You may see a long string of output from your C compiler as the setup.py file builds out the native library that PJLink uses. Don’t worry, this should only happen once. If it fails, raise an issue on GitHub so I can deal with it.
Once Mathematica has loaded, we’ll use the MathematicaBlock
context manager so we can write something that looks a lot like Mathematica code and use the MEval
function we’ll define to run the code.
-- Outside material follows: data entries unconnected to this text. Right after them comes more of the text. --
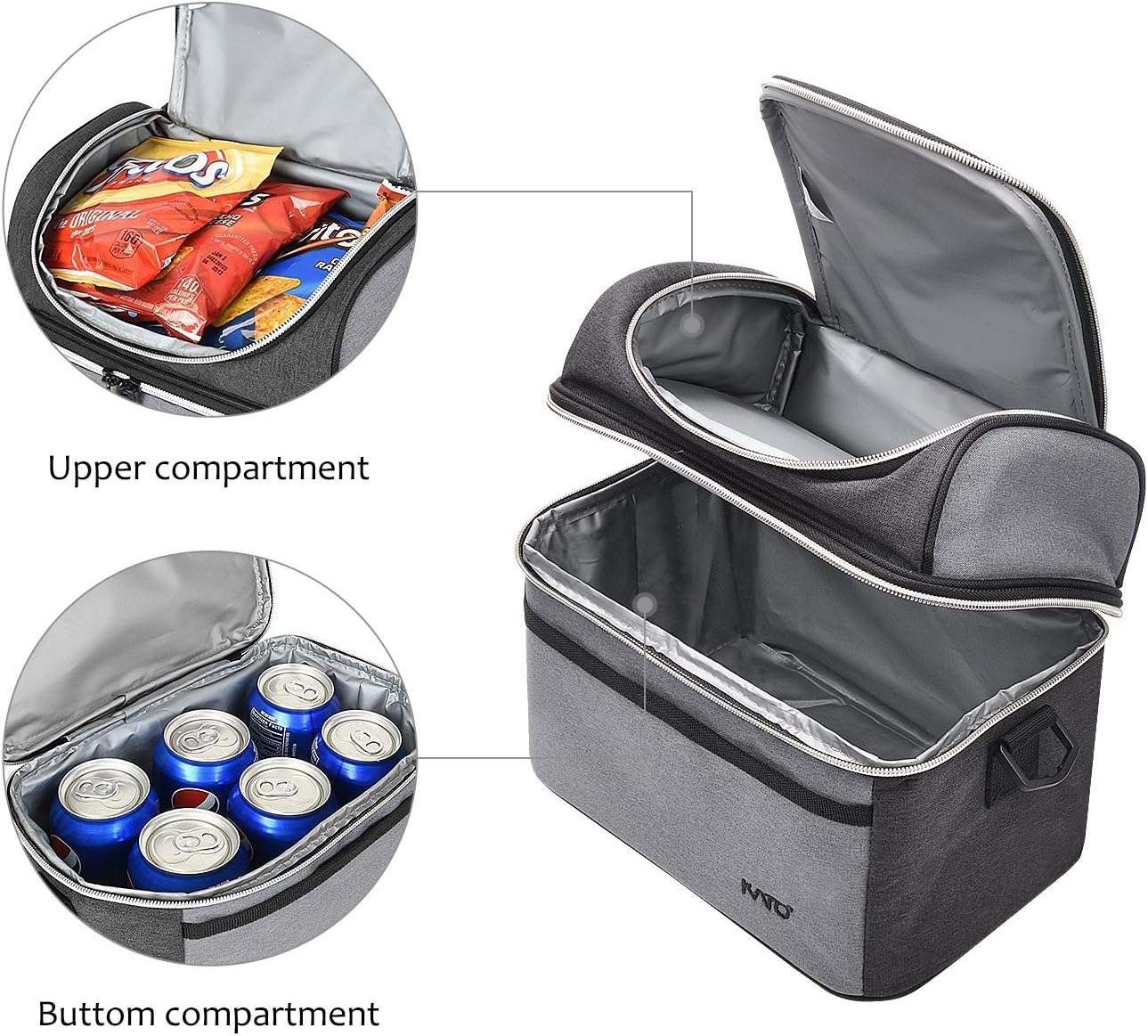 Tirrinia Reusable Lunch Box for Men Women, Insulated Lunch Bag Adult Work, Double Decker Leakproof Lunchbox for Office Picnic Beach—Dual Compartment Lunch Cooler Bag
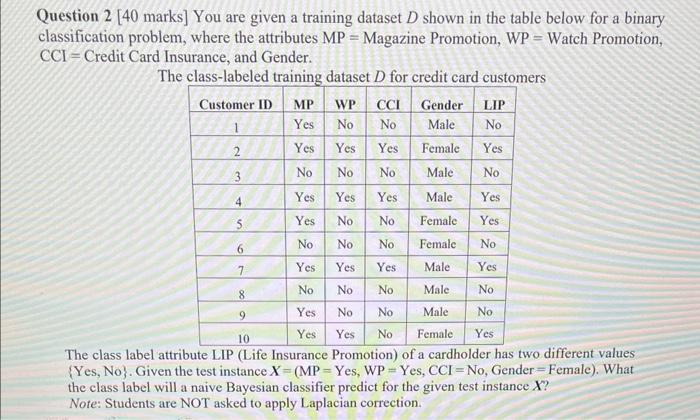 Solved Question 2 40 Marks You Are Given A Training Chegg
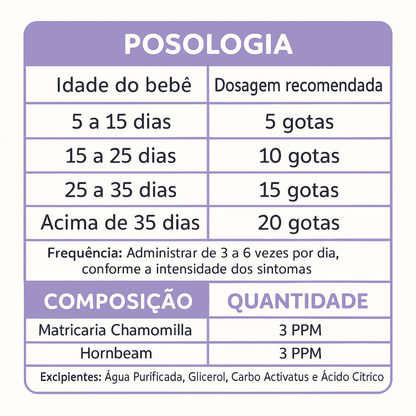 Baby Essence 30ml – Alívio das Cólicas, Gases, Refluxo e Disquesia
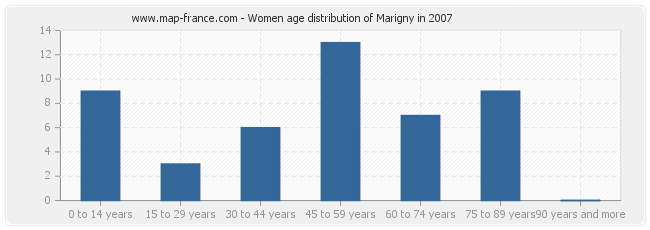 Women age distribution of Marigny in 2007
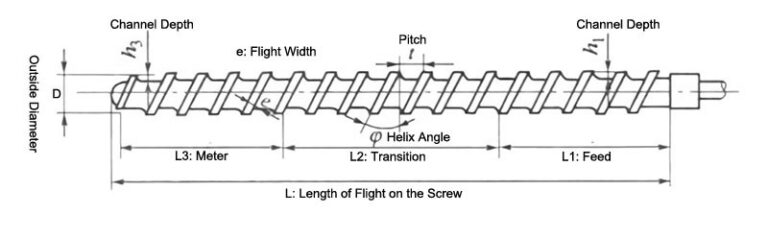 what-is-l-d-ratio-in-injection-moulding-machine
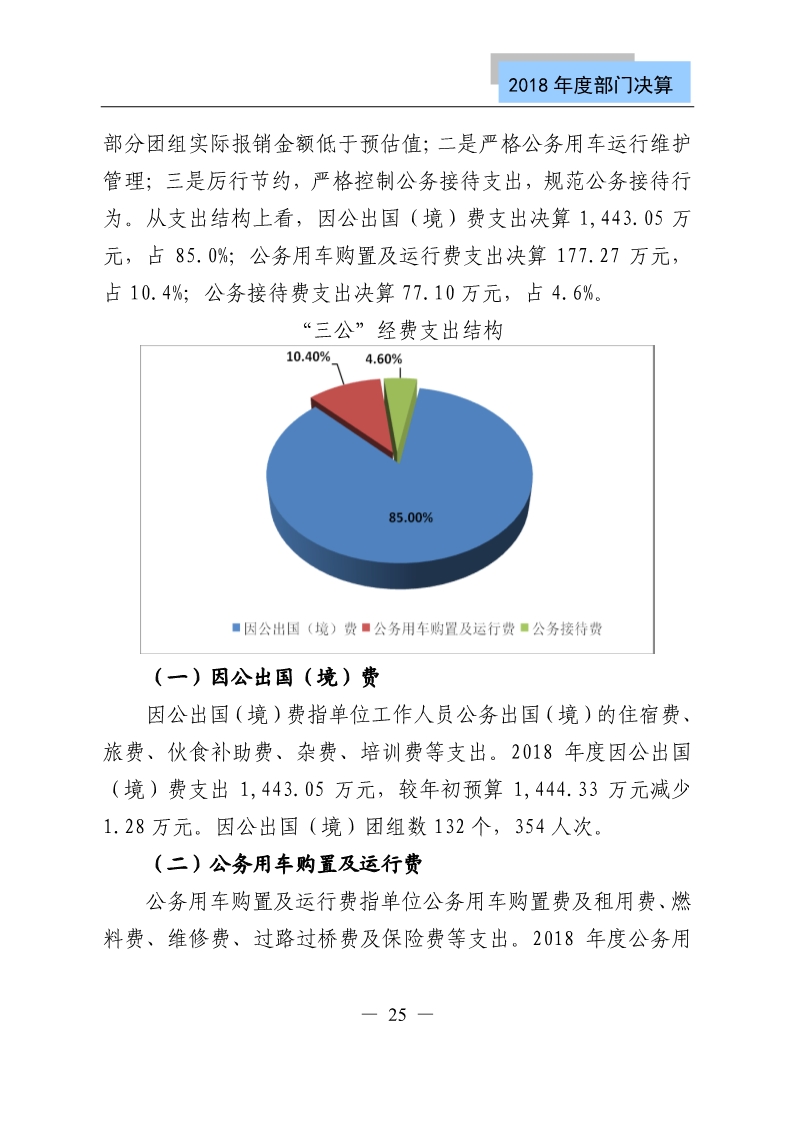 國知局公布2018年度部門決算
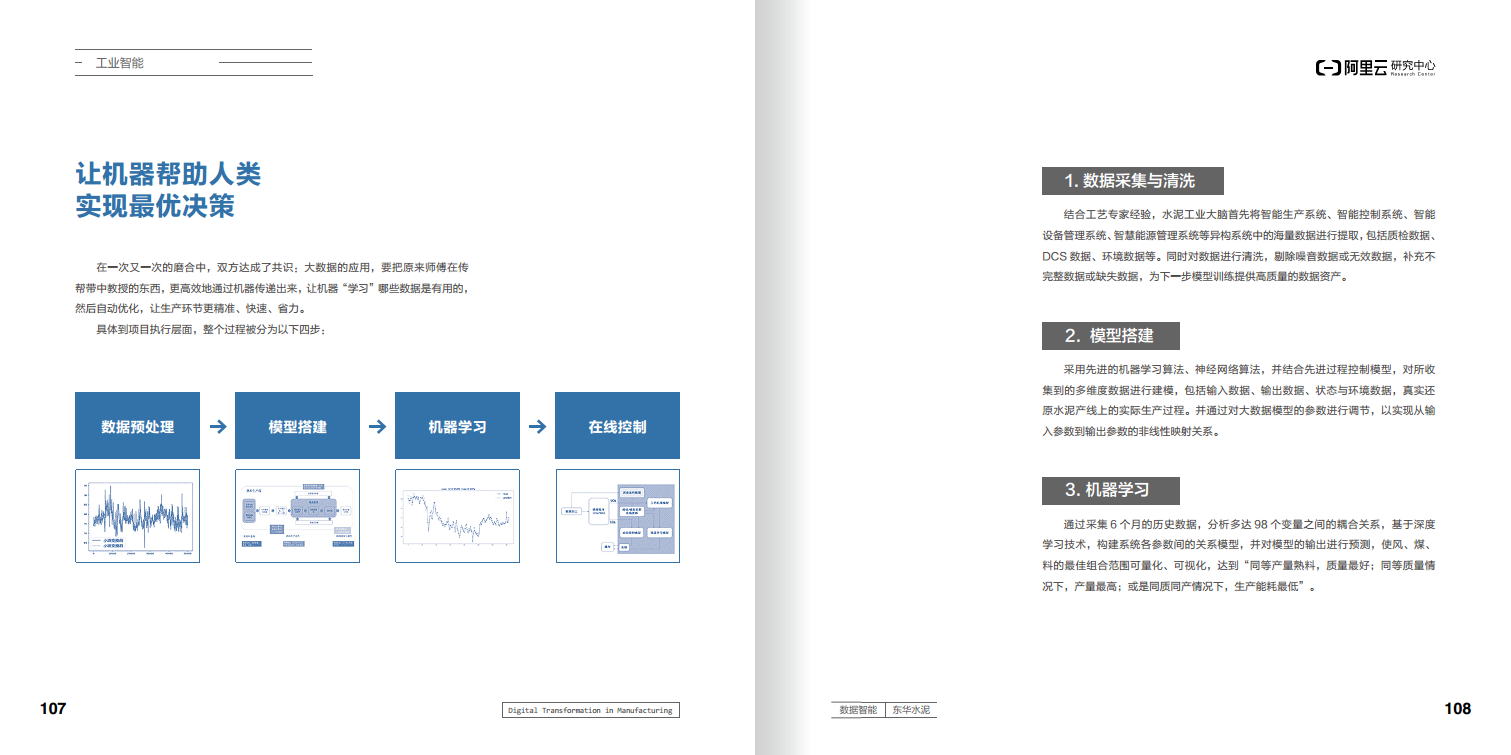 阿里云制造业数字化转型案例集图片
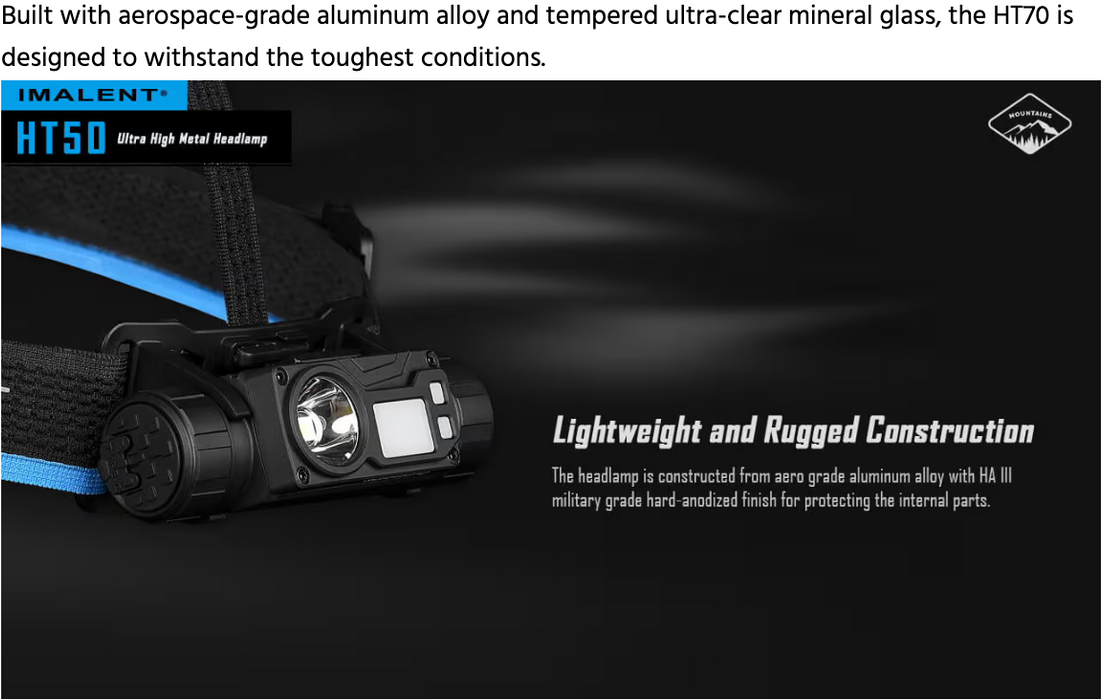 Imalent HT50 Rechargeable Dual Light Sources Headlamp  - 3000 Lumens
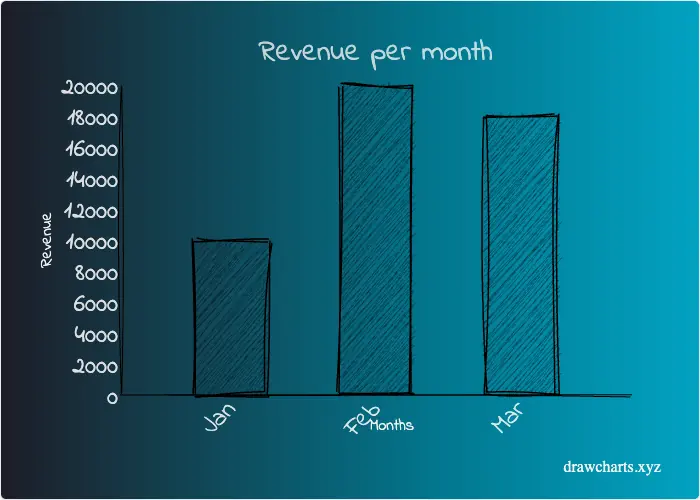 A beautiful, hand-drawn style bar charts from drawcharts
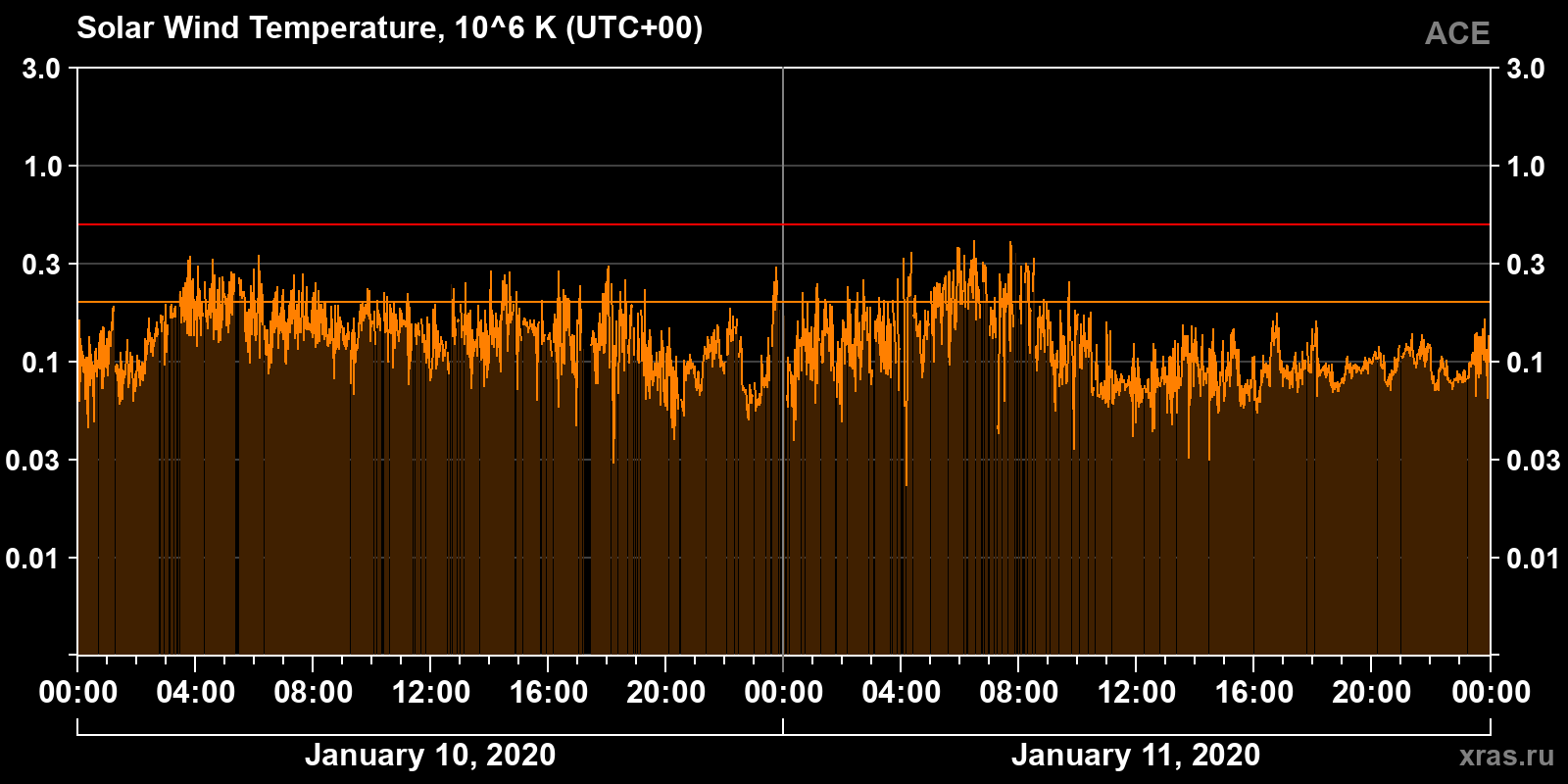 Solar wind temperature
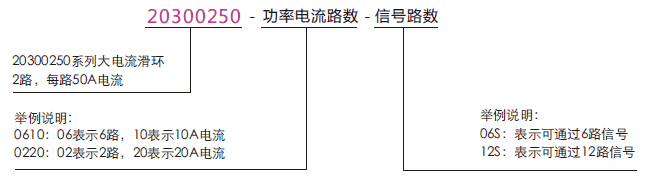 2030025020300250系列大電流滑環系列滑環特點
That code for all this looks like:
ker = SubprocessKernel() def MEval (expr, wait = True, kernel = ker) : "" "MEval evaluates a Mathematica expression in the Mathematica kernel " "" kernel.drain() # just to make sure things are clen return kernel.evaluate (expr, wait = wait) ker.start() ker.start_evaluator()
After that we can simply call into Mathematica:
with MathematicaBlock(): res = MEval (Set (M.hi, "Hello from python!")) res
We can see string "Hello from python!"
was set to the symbol hi
on the Mathematica side and was returned back by MEval
. Symbols that aren’t in the "System`"
context need to be prefaced by an M.
as that’s a special class that can resolve symbol names like that.
We can also get efficient data transfer of arrays from either side. Here we’ll take some Mathematica data and get it back out on the python side. The first thing we need to do is go to the Mathematica notebook that opened and load the "PJLink`"
context. Then we’ll install the python runtime that the SubprocessKernel
object configured. This looks like:
<<PJLink`
InstallPython[ LinkObject->SubprocessKernel`$PyEvaluateLink, ProcessObject->None];
Once it’s installed, we’ll use it directly via PyEvaluate
:
With[{arr= RandomReal[{-1, 1}, {50, 50, 50}]},
PyEvaluate[dat=arr]
]
Calls into python are done in an environment held only by the link, so to access that we need to wrap the evaluator we started ( ker.evaluator
) in a LinkEnvironment
context manager:
with LinkEnvironment(ker.evaluator): res = dat.shape res
Arrays are held as NumPy arrays by default on the python side, although this may be disabled. If disabled, they’re held as a data type called BufferedNDArray
which holds the data as a single C-contiguous array and allows slicing and viewing into it (although no efficient math or manipulation of any sort).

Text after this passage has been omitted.